Reproduce the entries word for word, and omit any picture you find in them.

(Pictures with short captions)
....
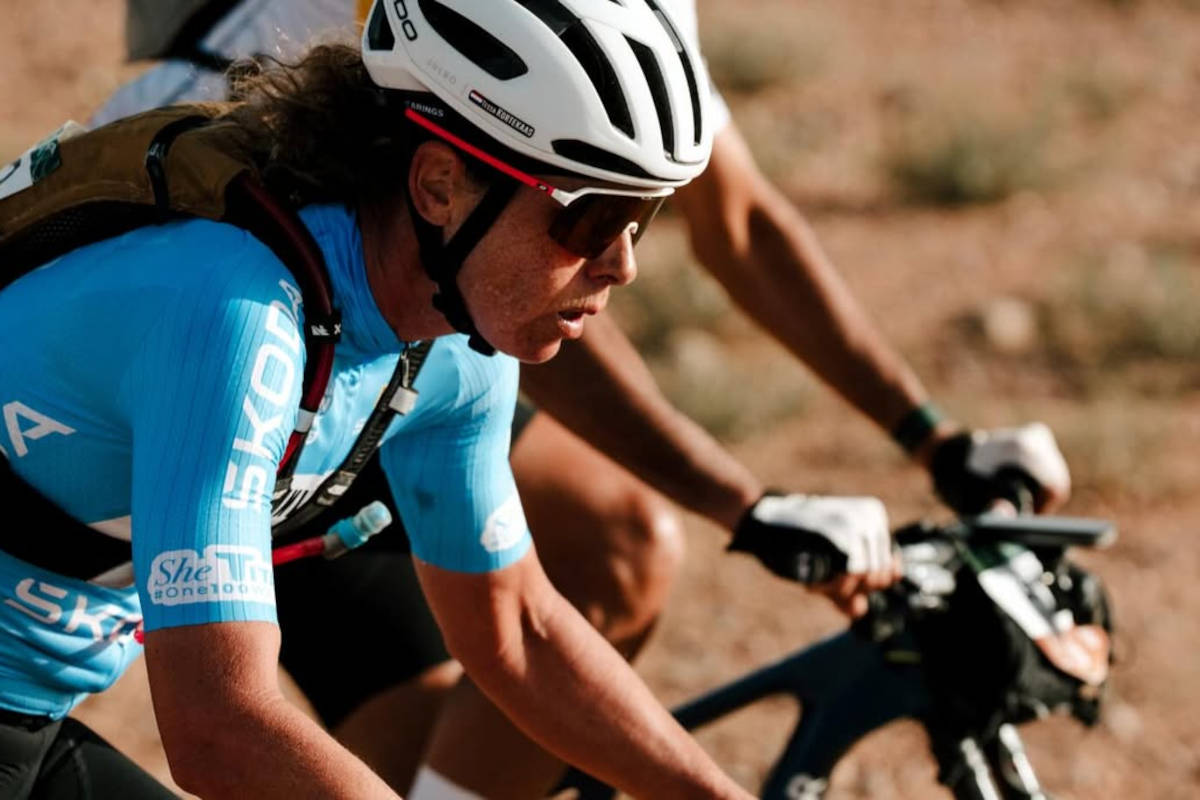 Tessa Kortekaas. Imagen: Titan Desert Morocco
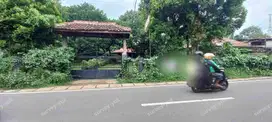 Tanah datar 3150 m2 SHM Pinggir Jalan Raya Strategis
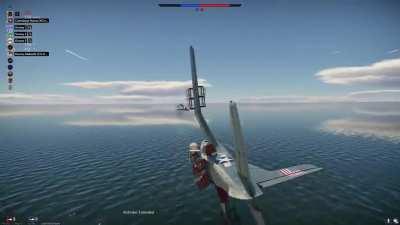 During a Naval custom game I decided to embrace Japan's tactics in my BTD-1.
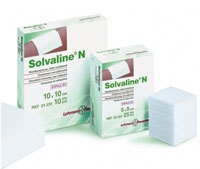Foliekompress Solvaline N, 20x30cm osteril - Solvaline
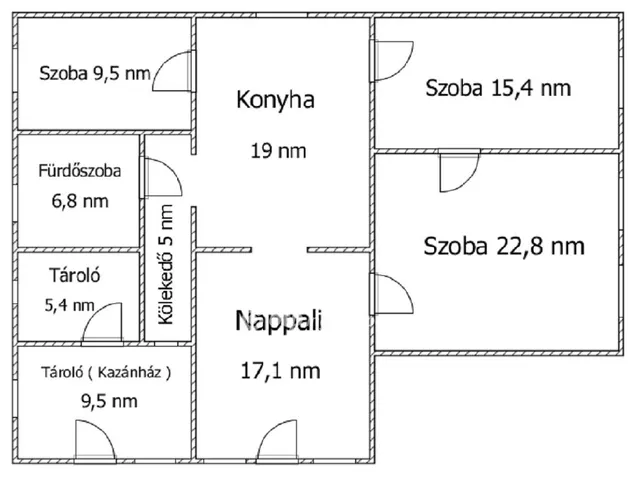 Eladó ház Nemeskeresztúr 95 nm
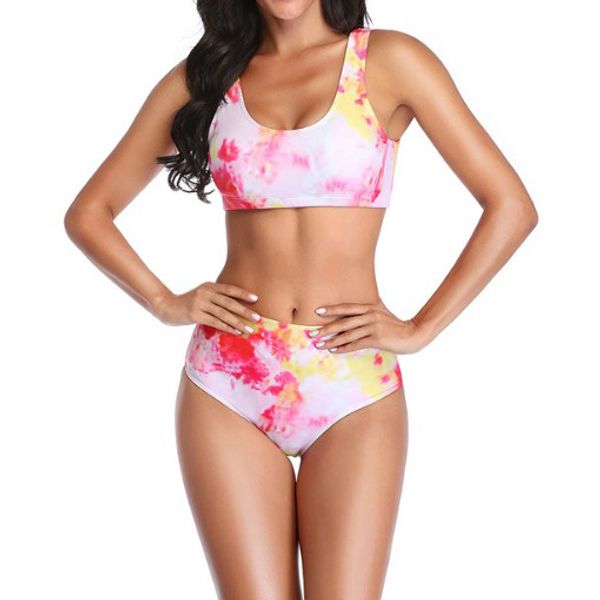 women fashion swimsuits summer womens high waist bikini split tie dye bikini swimsuit women casual two pieces bikinis tankinis 3 style, White;black
women fashion swimsuits summer womens high waist bikini split tie dye bikini swimsuit women casual two pieces bikinis tankinis 3 style, White;black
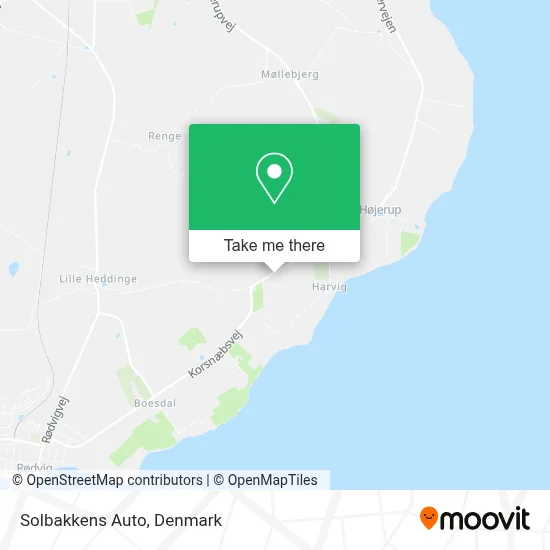 Solbakkens Auto map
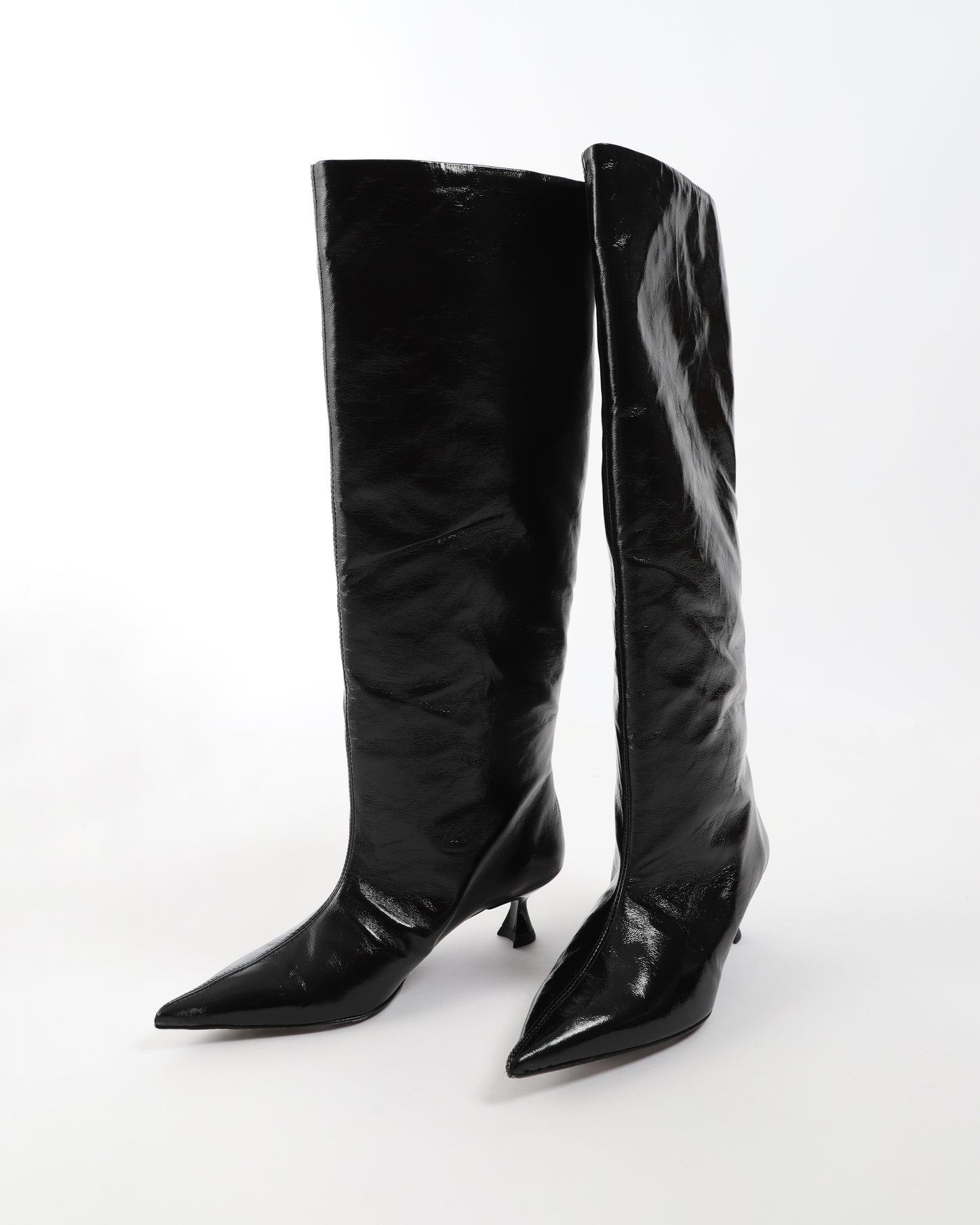 Slouchy High Shaft Boots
....
= ANSWER BOX =
 Tessa Kortekaas. Imagen: Titan Desert Morocco
 Tanah datar 3150 m2 SHM Pinggir Jalan Raya Strategis
 During a Naval custom game I decided to embrace Japan's tactics in my BTD-1.
Foliekompress Solvaline N, 20x30cm osteril - Solvaline
 Eladó ház Nemeskeresztúr 95 nm
 women fashion swimsuits summer womens high waist bikini split tie dye bikini swimsuit women casual two pieces bikinis tankinis 3 style, White;black
women fashion swimsuits summer womens high waist bikini split tie dye bikini swimsuit women casual two pieces bikinis tankinis 3 style, White;black
 Solbakkens Auto map
 Slouchy High Shaft Boots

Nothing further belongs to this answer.